Same here. Any fix added for this?
same issues... The main package versions are as follows:
vllm 0.10.2 ray 2.49.0 torch 2.8.0 verl 0.5.0 megatron 0.5.1
same issues, using verl commit id c5b189a1af496d0bc68320cd1d5bd7a1f1e3638a
It is related to the agent loop. when the mode is set to async, AgentLoopManager is used. see ppo/ray_trainer.py and main_ppo.py for example.
The reason that dapo with async does not work is that some initialization of ray env (or something i am not familiar) are not done by recipe/main_dapo.py, which AgentLoopManager will be using.

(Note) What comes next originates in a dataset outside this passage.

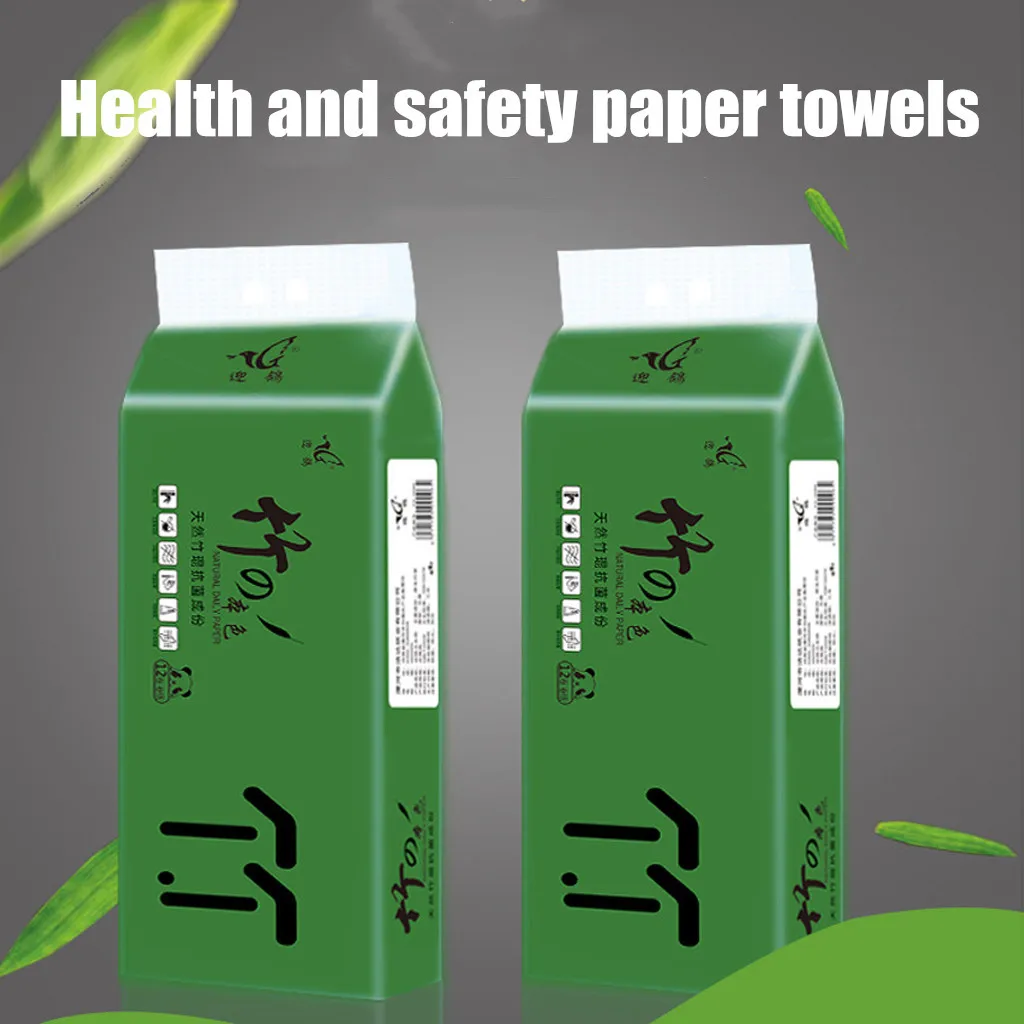 Туалетная бумага мягкая Бытовая 12 рулонов бамбукового волокна рулон бумаги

So for dapo with async working, it requires modifying recipe/dapo/main_dapo.py and recipe/dapo/dapo_ray_trainer.py, to have similar initializations as ppo. group filtering with reward results may be modified as well.
It is related to the agent loop. when the mode is set to async, AgentLoopManager is used. see ppo/ray_trainer.py and main_ppo.py for example.
The reason that dapo with async does not work is that some initialization of ray env (or something i am not familiar) are not done by recipe/main_dapo.py, which AgentLoopManager will be using.
So for dapo with async working, it requires modifying recipe/dapo/main_dapo.py and recipe/dapo/dapo_ray_trainer.py, to have similar initializations as ppo. group filtering with reward results may be modified as well.
Does anyone know if DAPO recipe has supported async mode or do they have such plans ongoing?
Any resolution on this? @holyseven What specific changes were needed?